Der Beginn der berühmten Bozner Spieltradition geht einer alten Chronik zufolge ins 14. Jahrhundert zurück: Schon 1340/41 soll der Vorsatz gefasst worden sein, alle drei Jahre ein Spiel für den Hl. Georg und die Hl. Margareta aufzuführen, was 1421 bestätigt worden sein soll.[38] Dieser Legende widersprach bereits 1736 der Stadtschreiber Paul Falser, der vergeblich nach diesbezüglichen Urkunden suchte.[39] Jedoch ist der Fronleichnamsumzug mit St. Georg, St. Margareta und dem Drachen (Lindwurm) sicher vor 1470 regelmäßig ausgeführt worden.

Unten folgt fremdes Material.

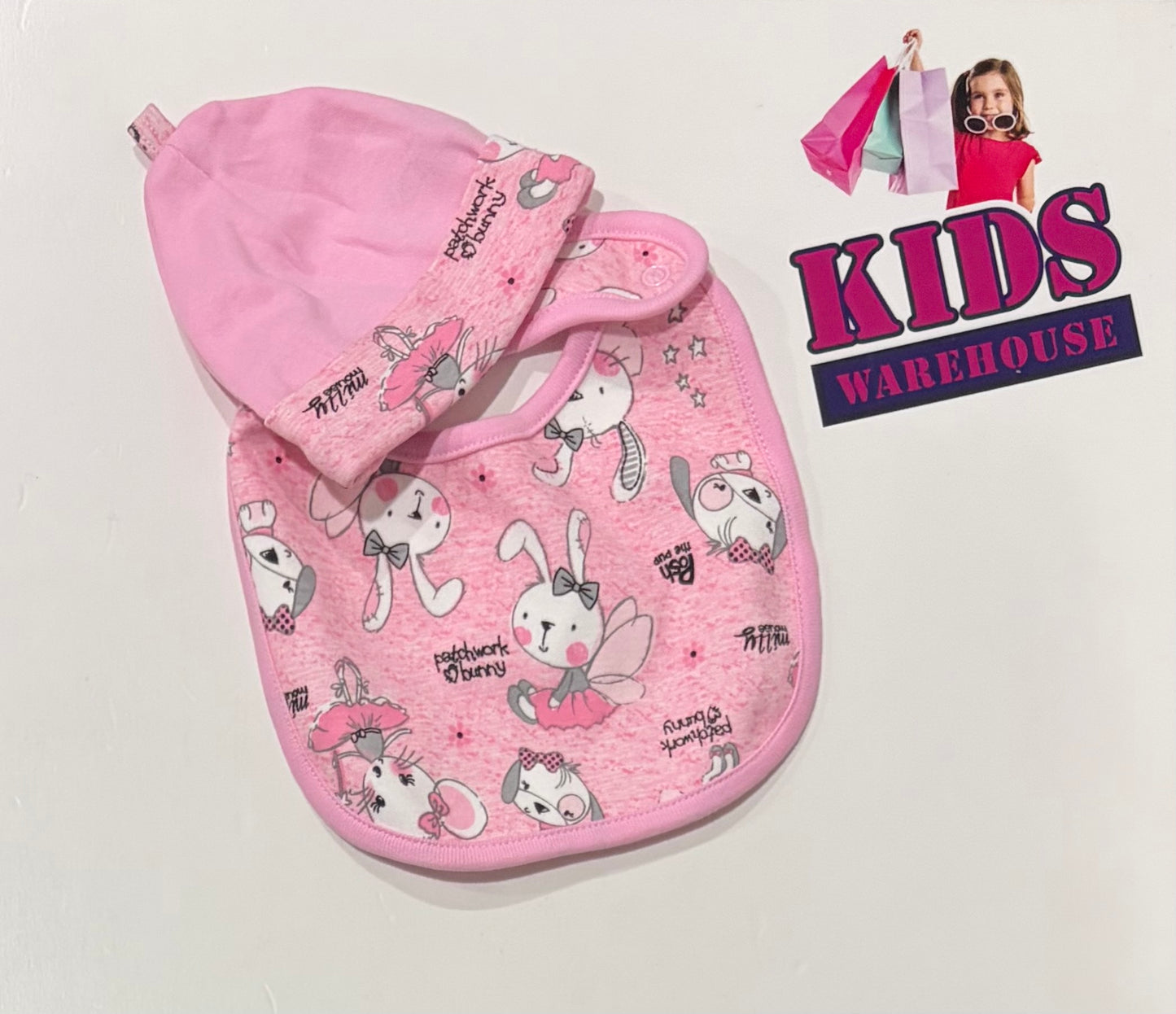 Pink, Patchwork Bunny Print Bib & Beanie Set
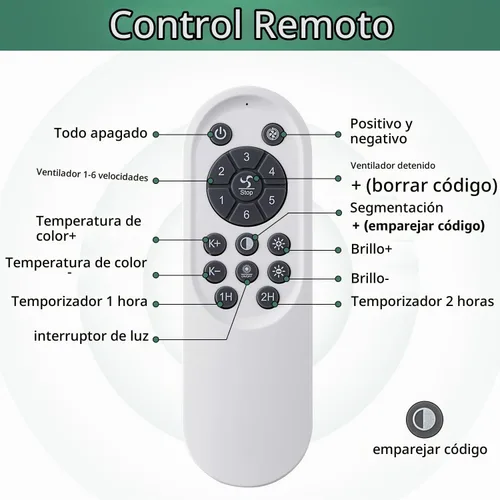 Vista 7 de Ventilador de techo de perfil bajo con control remoto y aplicación, motor silencioso y luz LED regulable, ventilador de techo de montaje empotrado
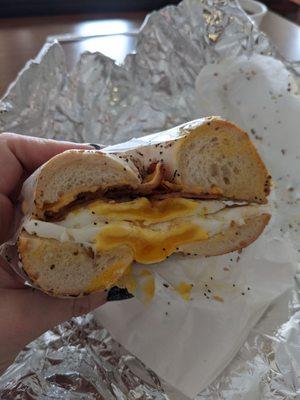 Bacon, egg & cheese on an everything bagel. Eggs over medium!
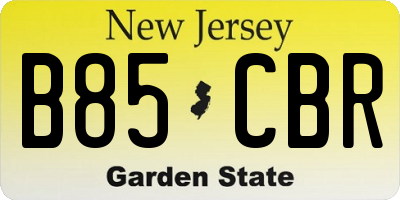 NJ license plate B85CBR
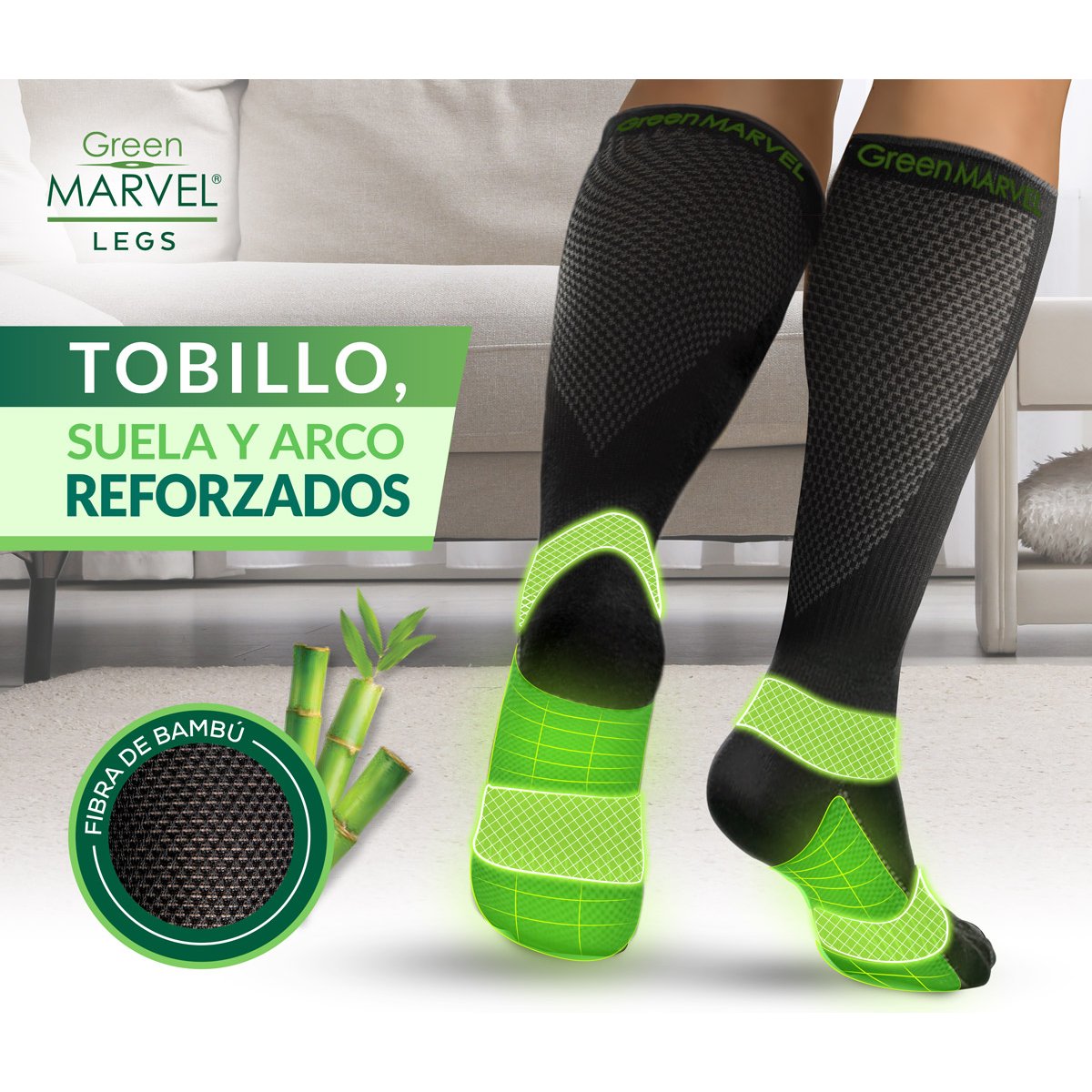 Medias de Compresión Green Marvel Legs S-M para Mujer
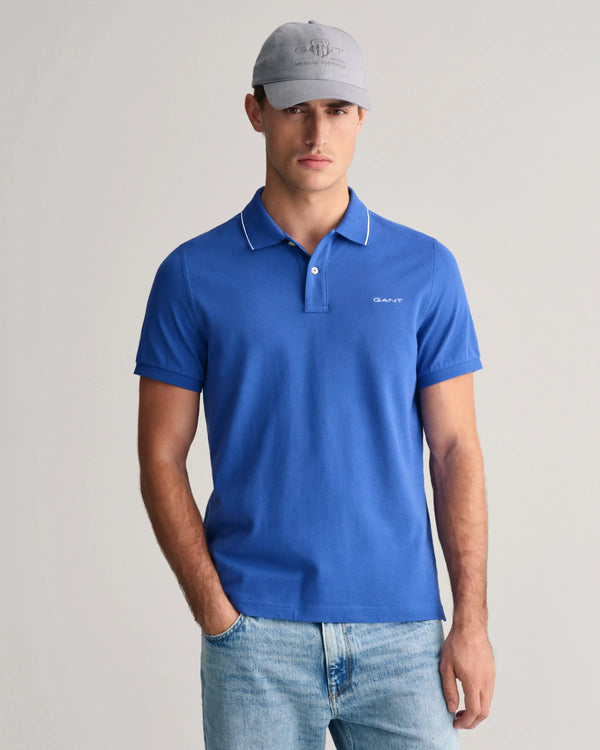 GANT Mens Tipping SS Pique Polo Shirt Lapis Blue Northern Ireland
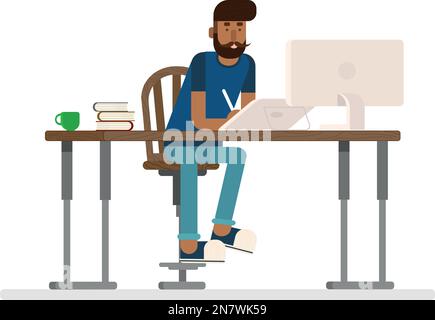hipster man working at the table on the computer Stock Vector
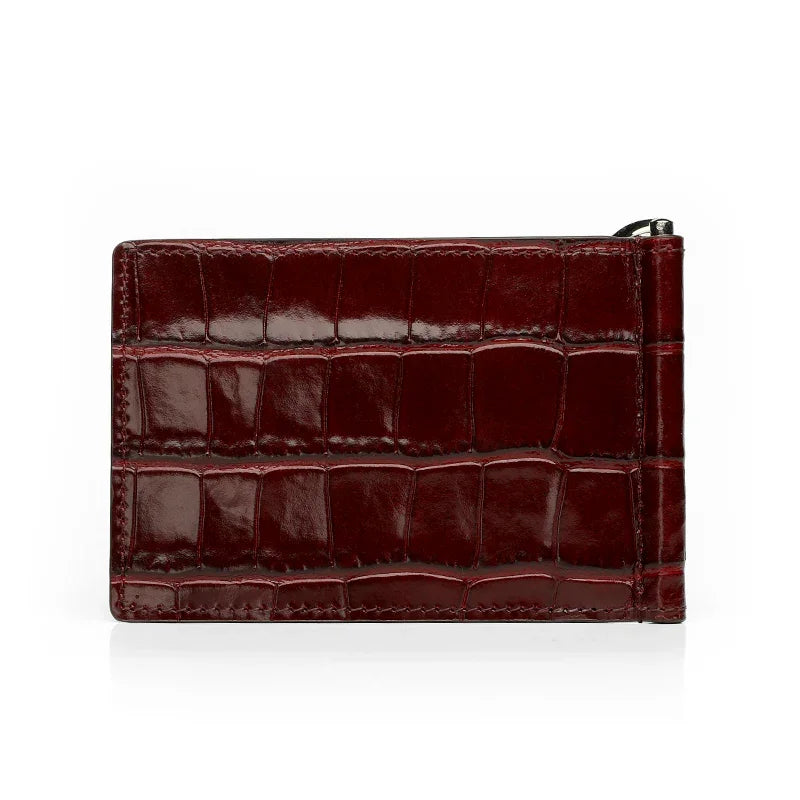 Back View Brown crocodile-patterned money clip wallet on a white background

Bozen war zwischen etwa 1472 und 1525 der bedeutendste Spielort der sogenannten Tiroler Spieltradition (» H. Musik und Tanz in Spielen), deren Überlieferung zum größeren Teil aus geistlichen Spielen zu Herrenfesten (Passion, Auferstehung, Christi Geburt, Himmelfahrt, Fronleichnam) besteht. Von hier zu der Aussage, dass Bozen damals das überhaupt aktivste Zentrum des deutschsprachigen geistlichen Spiels gewesen ist, wäre es nur ein kleiner Schritt. Die Archivbelege des Bozner Spielbetriebs nehmen in der umfassenden Quellenedition von Bernd Neumann den bei weitem größten Raum deutschsprachiger Orte ein.[40] Ermöglicht wurde diese Praxis durch die Wirtschaftskraft der Stadt und die Theaterbegeisterung ihrer unentgeltlich mitwirkenden Bürger, die in den Spieltexten seit 1495 zu Dutzenden namentlich genannt sind.[41] Dazu kam die handwerkliche Ausstattung durch ortsansässige Maler, Tischler, Schneider, Schuster und andere bezahlte Handwerker und Arbeiter; ebenso wichtig war die Veranstaltung durch die Kirche, die künstlerische Leitung durch den Schulmeister und die musikalische Mitwirkung von Kirchensängern. Wie weit die jährlich wiederkehrende Veranstaltung der Spiele um 1500 das soziale Gefüge der Stadtbevölkerung sowohl heranzog als auch repräsentierte, wurde von Hannes Obermair auf Basis der Rollenverzeichnisse eingehend dargestellt.[42]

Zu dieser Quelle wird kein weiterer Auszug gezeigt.